++++ Data to examine
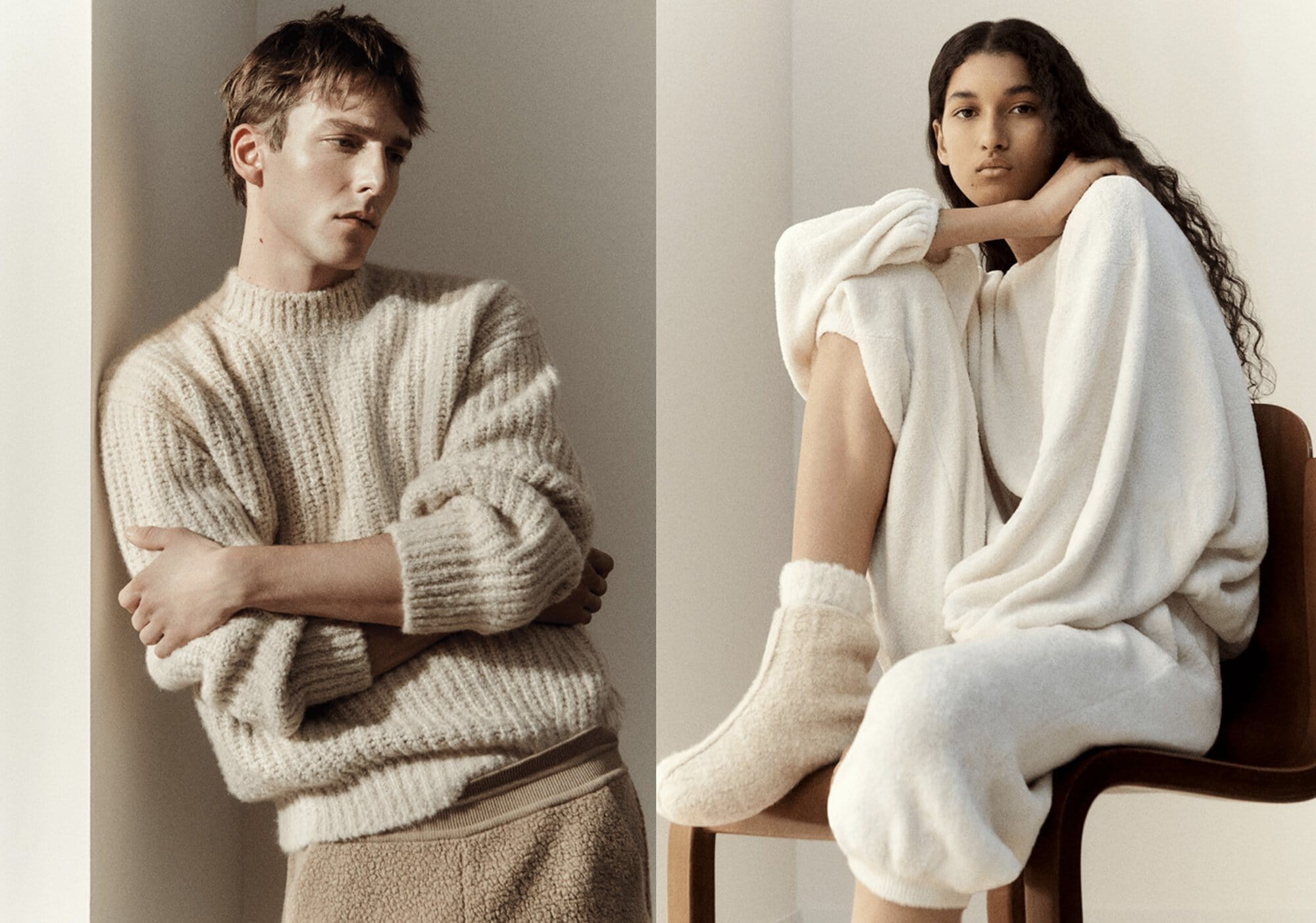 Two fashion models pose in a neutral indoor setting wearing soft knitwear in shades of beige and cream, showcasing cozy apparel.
++++++++
++++ Data to examine
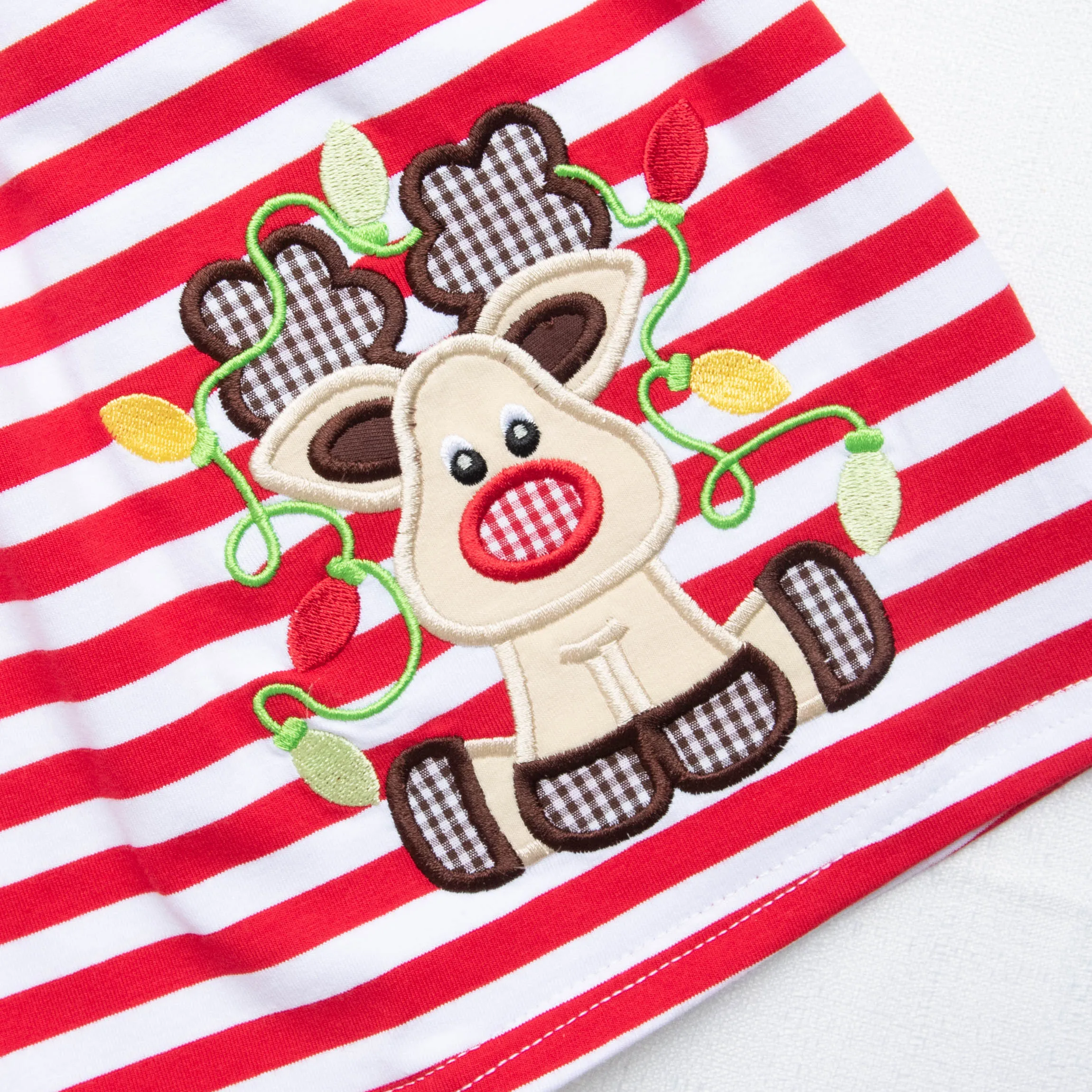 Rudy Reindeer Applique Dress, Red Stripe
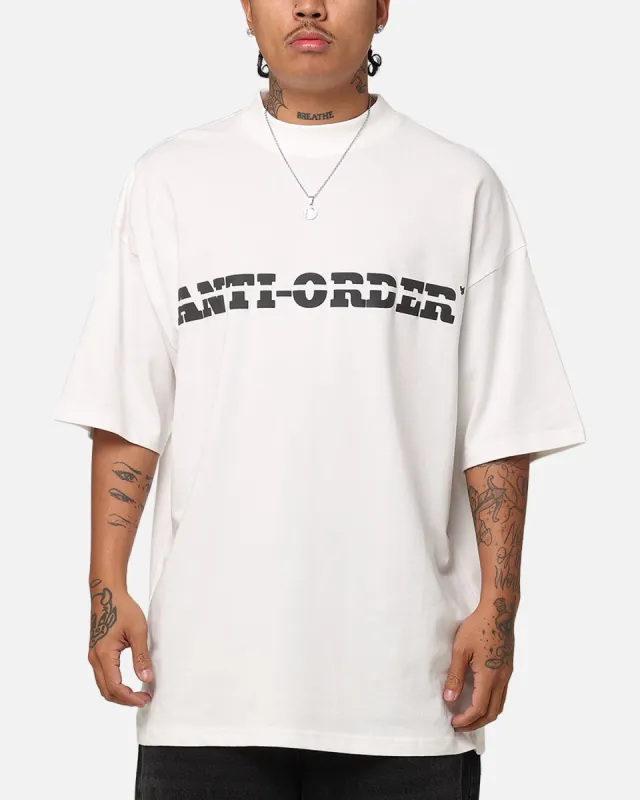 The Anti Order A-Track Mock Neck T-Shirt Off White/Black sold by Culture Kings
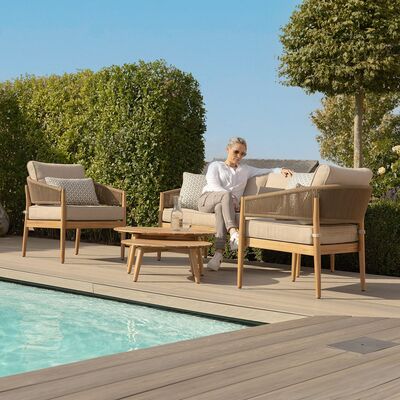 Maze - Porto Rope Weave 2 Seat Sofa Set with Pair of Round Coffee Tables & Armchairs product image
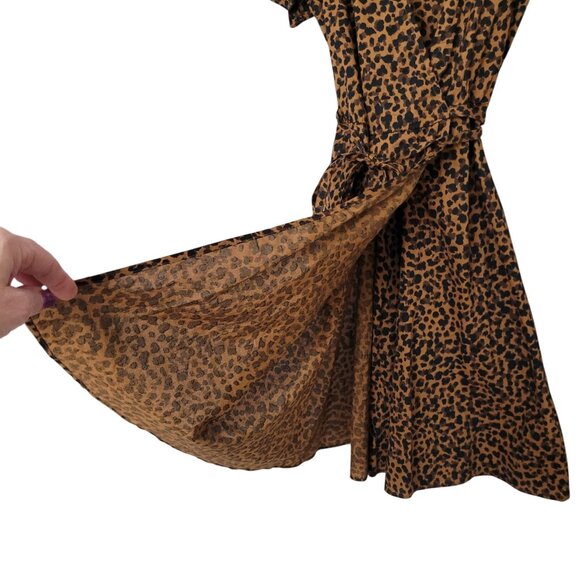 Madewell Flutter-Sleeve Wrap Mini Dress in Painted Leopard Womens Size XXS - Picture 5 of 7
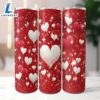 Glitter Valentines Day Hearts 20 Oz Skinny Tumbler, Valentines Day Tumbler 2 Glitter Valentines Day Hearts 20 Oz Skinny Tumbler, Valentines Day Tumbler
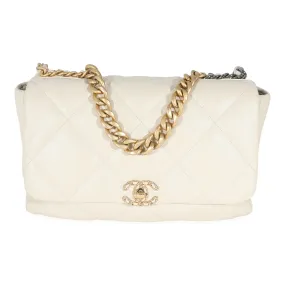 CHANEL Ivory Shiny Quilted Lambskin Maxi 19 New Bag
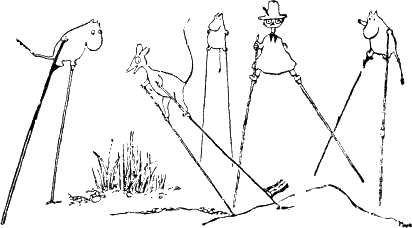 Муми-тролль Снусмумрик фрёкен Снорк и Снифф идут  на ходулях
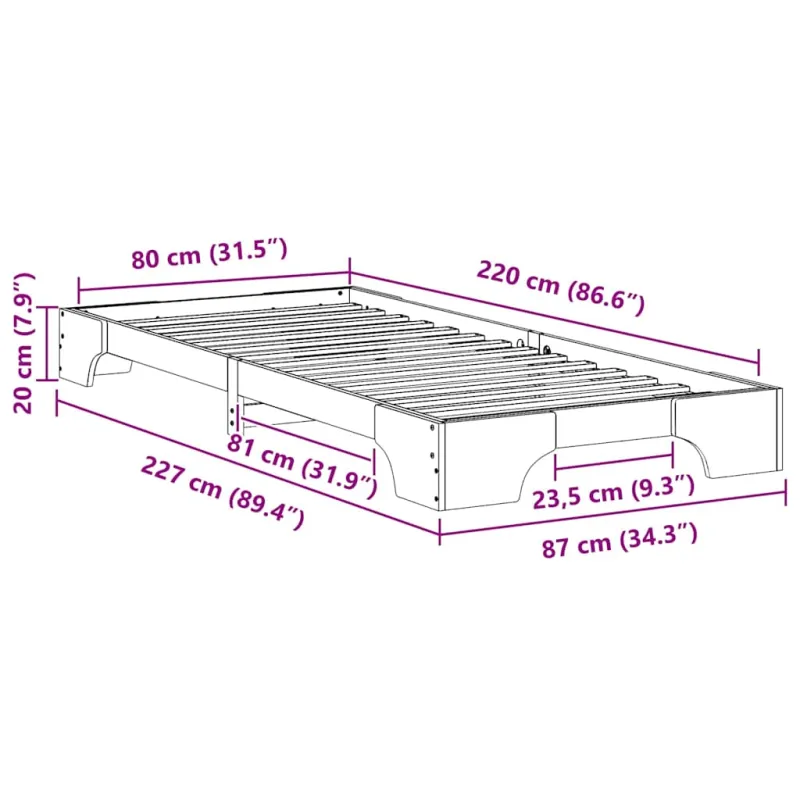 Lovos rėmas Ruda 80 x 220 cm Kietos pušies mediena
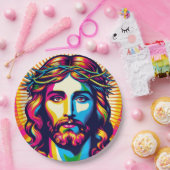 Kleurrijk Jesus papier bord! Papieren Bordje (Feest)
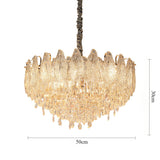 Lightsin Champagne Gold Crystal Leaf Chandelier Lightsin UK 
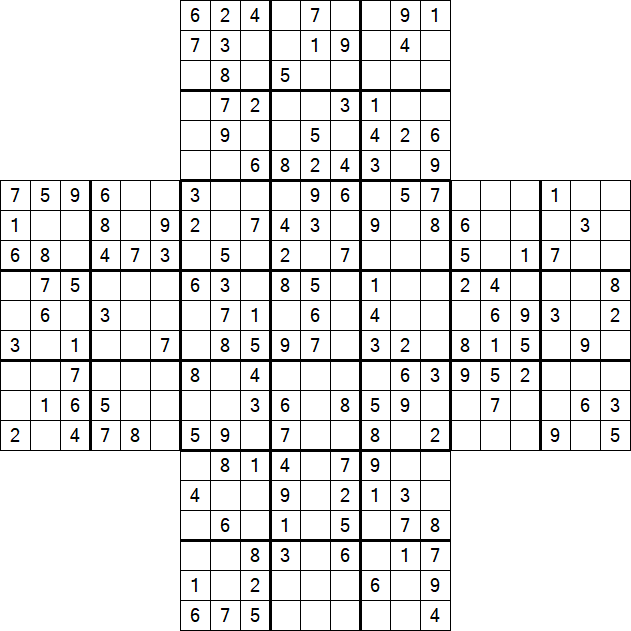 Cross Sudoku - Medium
++++++++
++++ Data to examine
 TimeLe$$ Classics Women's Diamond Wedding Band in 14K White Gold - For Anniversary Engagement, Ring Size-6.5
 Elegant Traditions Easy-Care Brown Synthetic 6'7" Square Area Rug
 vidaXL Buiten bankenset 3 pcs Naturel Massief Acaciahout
++++++++
Directions →
Above are records with pictures. Reproduce exactly only the lines from the line with "Maze - Porto" through the line with "Madewell Flutter-Sleeve Wrap", both ends included, and leave the pictures out.

Result of the task →
 Maze - Porto Rope Weave 2 Seat Sofa Set with Pair of Round Coffee Tables & Armchairs product image
 Madewell Flutter-Sleeve Wrap Mini Dress in Painted Leopard Womens Size XXS - Picture 5 of 7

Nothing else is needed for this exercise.